__Required work__: Retype the data that follows line by line, exactly, and leave its pictures out.

Caption-style text data:
>>>
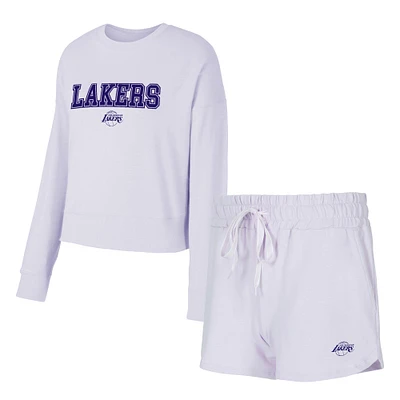 Women's Concepts Sport  Light Purple Los Angeles Lakers Elevation Tri-Blend Long Sleeve T-Shirt & Shorts Set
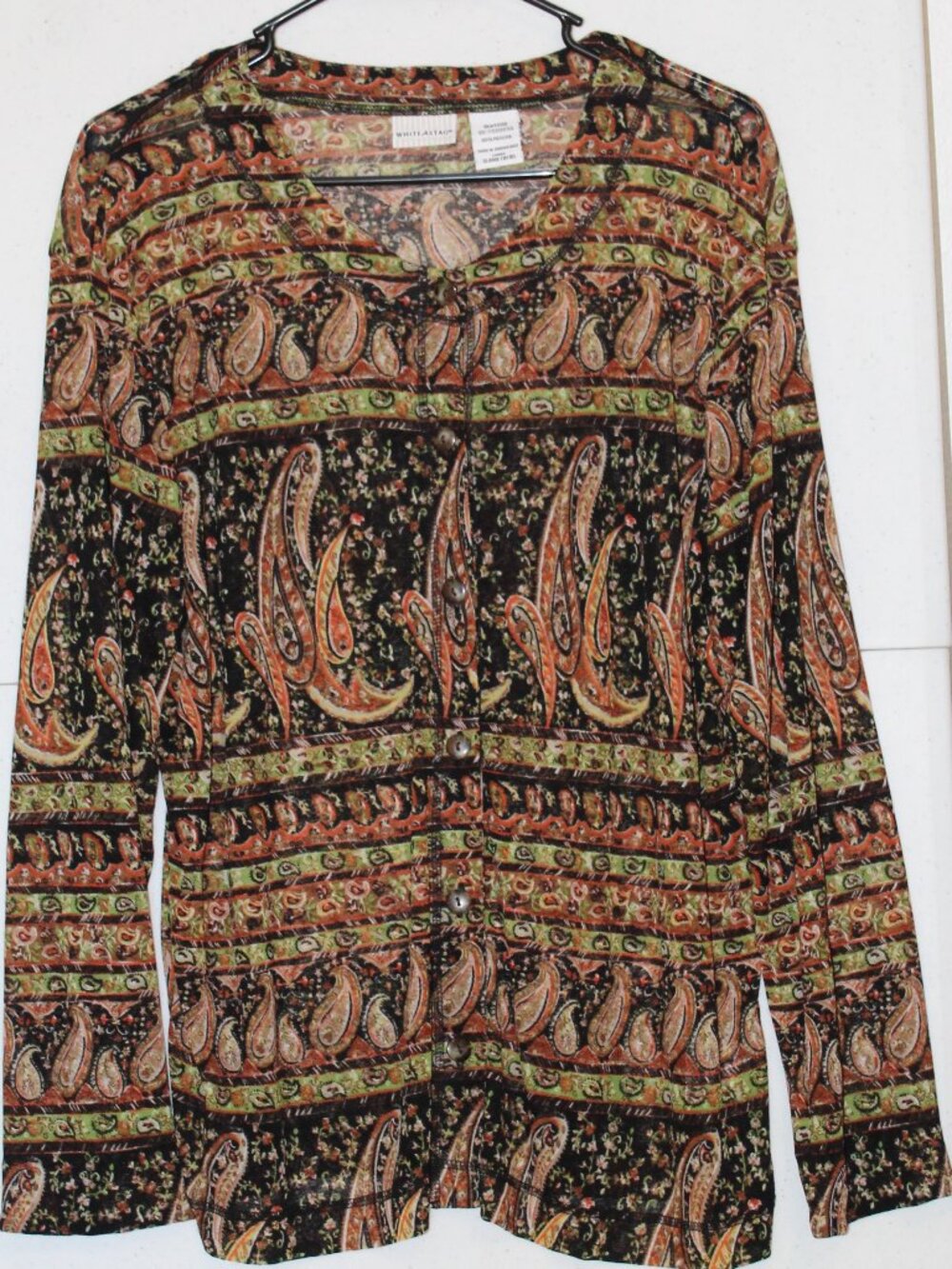 White Stag Womens Size XL 16-18 Bohemian Style Button Front Sheer Blouse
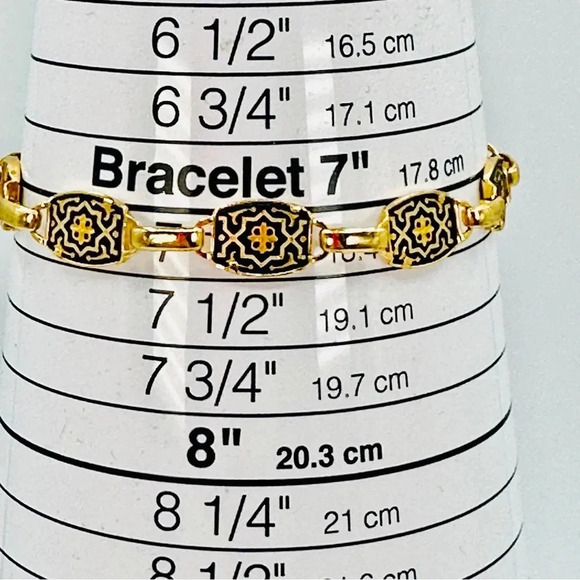 Damascene Link Bracelet Etched Design Gold and Black 7.25” Delicate Roma… - Picture 7 of 10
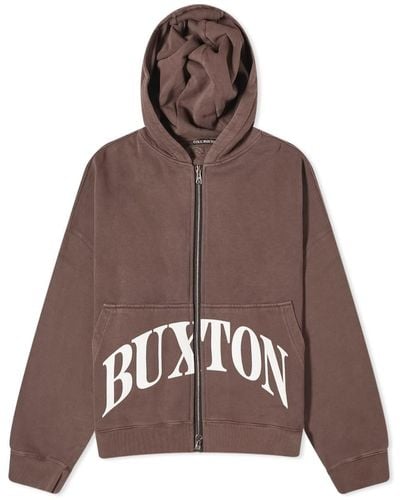 Cole Buxton Cropped Logo Zip Hoodie - Brown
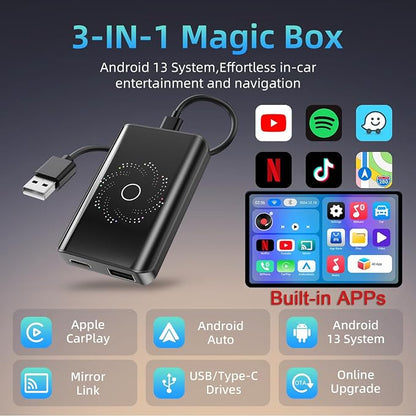AI Box Wireless CarPlay & Auto Adapter - Plug & Play, Dual-Band WiFi, Bluetooth 5.4, 4K Video Support, Android 13.0 System, Compatible with Factory CarPlay & Android Auto （4GB RAM+32GB ROM）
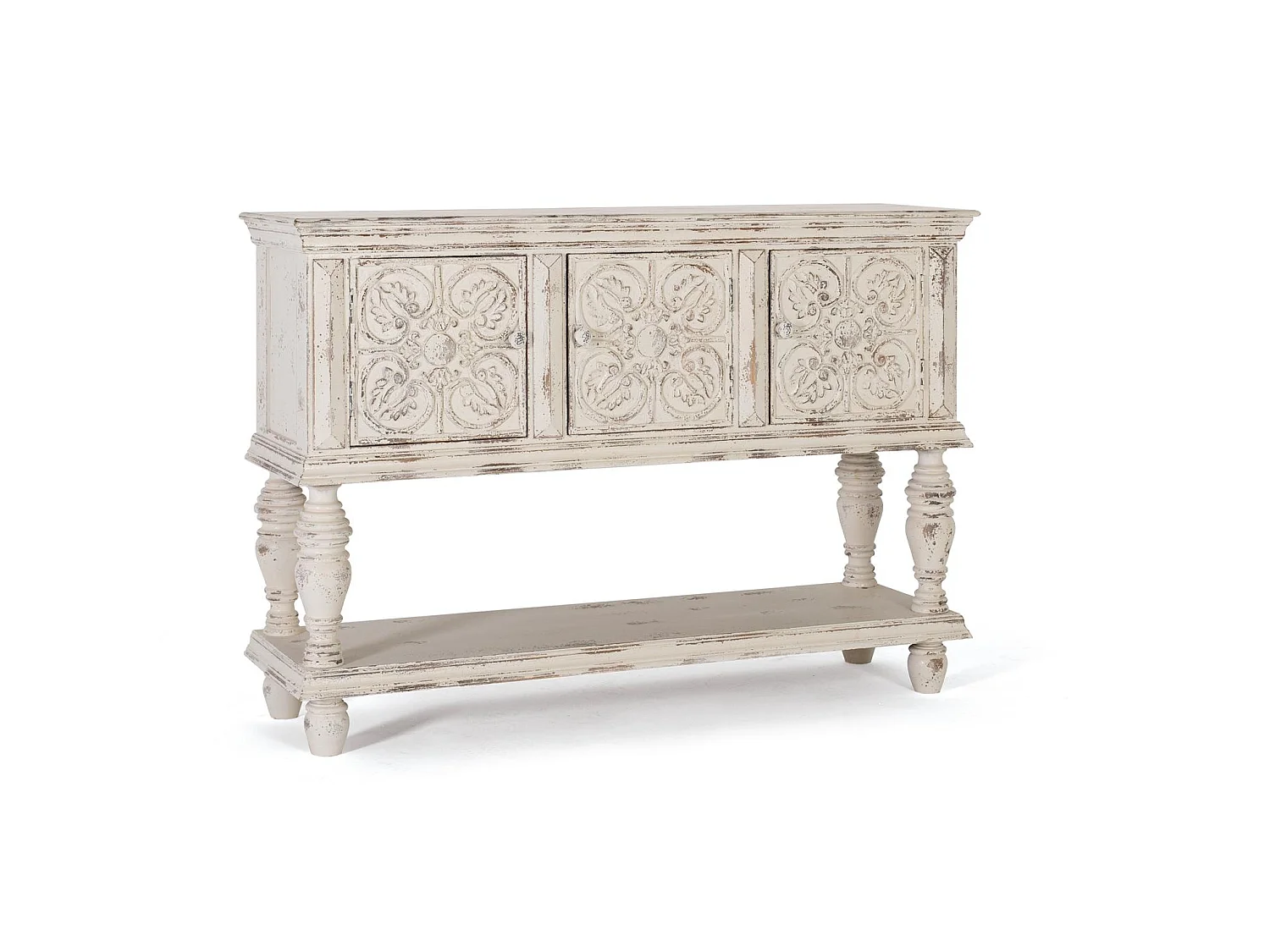 Console en bois de manguier 148 cm, style méditerranéen moderne - 103 x 148 x 44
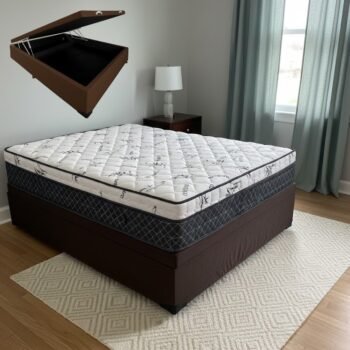 Colchão Casal Prime Light 30 cm D28 Molas Ensacadas + Base Baú Corino Marrom – ORTHOPRIME + ALTO NÍVEL
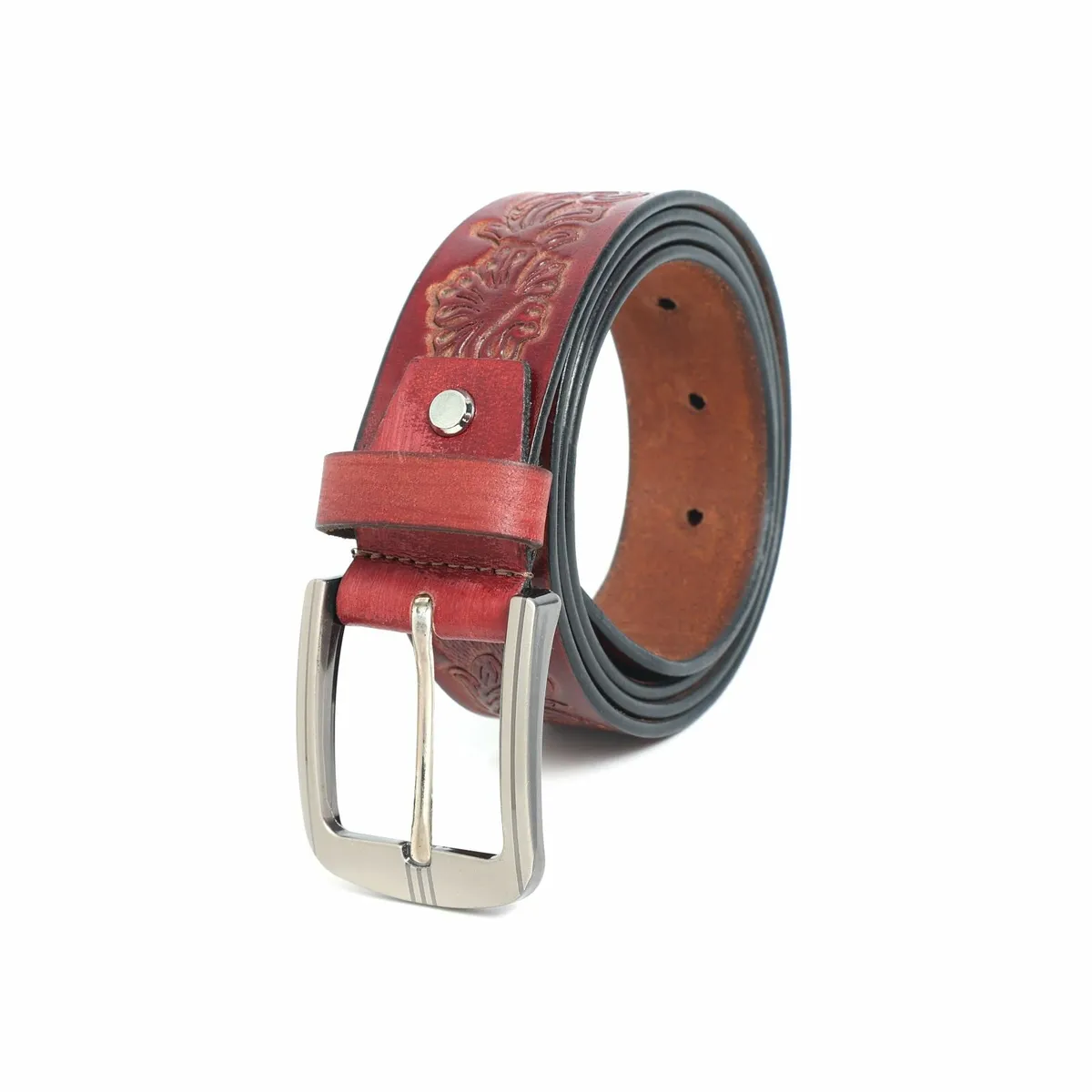 Genuine Leather Belt for Men Western Floral Design - Image 3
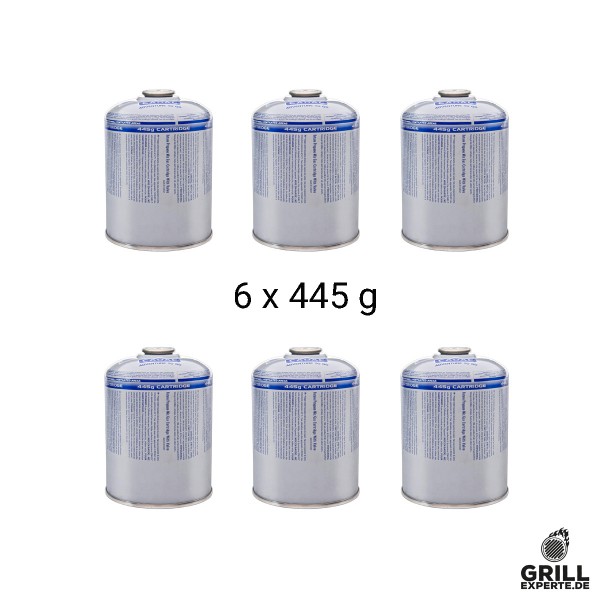 Cadac CA445 6er Set - Ventil-Gas-Kartusche (445g Butan-Propan-Gemisch) - EN417 Gewinde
<<<
__Solution to the problem__:
 Women's Concepts Sport  Light Purple Los Angeles Lakers Elevation Tri-Blend Long Sleeve T-Shirt & Shorts Set
 White Stag Womens Size XL 16-18 Bohemian Style Button Front Sheer Blouse
 Damascene Link Bracelet Etched Design Gold and Black 7.25” Delicate Roma… - Picture 7 of 10
 Cole Buxton Cropped Logo Zip Hoodie - Brown
AI Box Wireless CarPlay & Auto Adapter - Plug & Play, Dual-Band WiFi, Bluetooth 5.4, 4K Video Support, Android 13.0 System, Compatible with Factory CarPlay & Android Auto （4GB RAM+32GB ROM）
 Console en bois de manguier 148 cm, style méditerranéen moderne - 103 x 148 x 44
 Colchão Casal Prime Light 30 cm D28 Molas Ensacadas + Base Baú Corino Marrom – ORTHOPRIME + ALTO NÍVEL
 Genuine Leather Belt for Men Western Floral Design - Image 3
 Cadac CA445 6er Set - Ventil-Gas-Kartusche (445g Butan-Propan-Gemisch) - EN417 Gewinde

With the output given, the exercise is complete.